In contrast, for example, with Franklin Roosevelt’s full throated condemnation of Wall Street and greedy business leaders as the villains of the original Great Depression, Westen say Obama punted from the first day of his administration. Said Westen, “When faced with the greatest economic crisis, the greatest levels of economic inequality, and the greatest levels of corporate influence on politics since the Depression, Barack Obama stared into the eyes of history and chose to avert his gaze.”

Obama, Westen said, can’t bring himself to assemble the suspects in a political line-up and identify the bad guy(s).

He’s got a point. With this morning’s headlines comparing the economic roller coaster ride of the last few days to the awful days in the fall of 2008, I’m hard pressed to think of anyone in a position of authority and power who has been held accountable for the jobs lost, the mortgages foreclosed and the lives uprooted.

Standard & Poors, by all accounts, totally missed the risks of the subprime mortgage meltdown in the last decade when it should have been front and center judging and publicly reporting such risks to the economy. Now S&P’s nameless suits downgrade sovereign debt in high-minded tones, while appearing on the Sunday talk shows lecturing Washington’s leaders on political responsibility. The ratings agency, meanwhile, lobbies Congress not to require that it report “significant errors” in its own performance.

Tim Geithner, the Treasury Secretary, who was at the New York Fed when the economy’s foundation began to crumble, apparently wants to leave his job as more folks call for his head, but Obama has begged him to stay. George W. in back on the ranch and the big Wall Street banks roll on, while the Congress systematically weakens the Dodd-Frank legislation and prevents the appointment of a tough consumer advocate.

Accountability is obviously on an extended summer vacation in the Hamptons.

Contrast the macro-world’s lack of accountability on the economy and little things like jobs and mortgages with the penalties for screwing up in college athletics. Boise State University’s long-time athletic director was fired yesterday by the school’s president in advance of the anticipated sanctions that will be leveled against the school for a variety of infractions involving college sports.

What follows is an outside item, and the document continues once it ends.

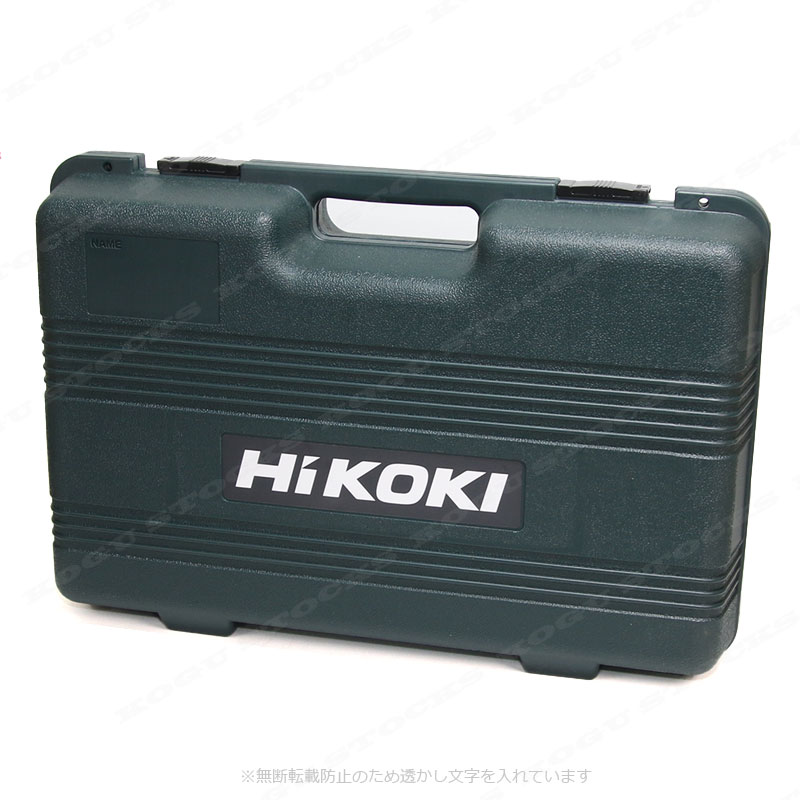 HIKOKI（ハイコーキ）18V　コードレス全ねじカッタ　CL18DSAL　収納ケース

Some boosters immediately questioned the decision to fire a 30-year employee and there will be the predictable second guessing of Boise State President Bob Kustra. But as more of the story comes out, give the one-time politician turned college president this much: the new to the big-time Bronco athletic program is facing its first real big-time challenge with the anticipated NCAA sanctions and Kustra’s personnel action just set the standard for compliance at BSU for the foreseeable future. Good, bad or indifferent that is accountability.

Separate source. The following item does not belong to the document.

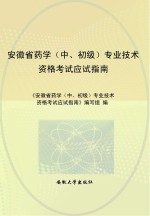 安徽省药学 中、初级 专业技术资格考试应试指南 中药学专业知识 2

The Ohio State University arguably took too long to fire its slippery football coach, but it happened. It’s now reported the school has paid just south of a million bucks to unravel what went wrong with the Ohio State football program.

In a perfect world there are no mistakes. No one needs to stand and take responsibility and be held accountable. But there is a real world out there that is messy and requires accountability. Particularly in a representative democracy, beset with deep economic, social and political problems, accountability has never been more required.

The British poet, essayist, humorist, and much more Dr. Samuel Johnson famously said “When a man knows he is to be hanged…it concentrates his mind wonderfully.” He might also have said it concentrates the mind of those who observe the hanging.

Accountability is not about grudges or getting even and it’s certainly not about shifting the blame. It is about understanding what when wrong and who was responsible, all in the interest of corrective action.

Dr. Johnson also wisely said “hell is paved with good intentions,” which is another way of saying good intentions don’t mend a broken economy or straighten out college athletics. Accountability isn’t the whole answer, but it is a pretty good start.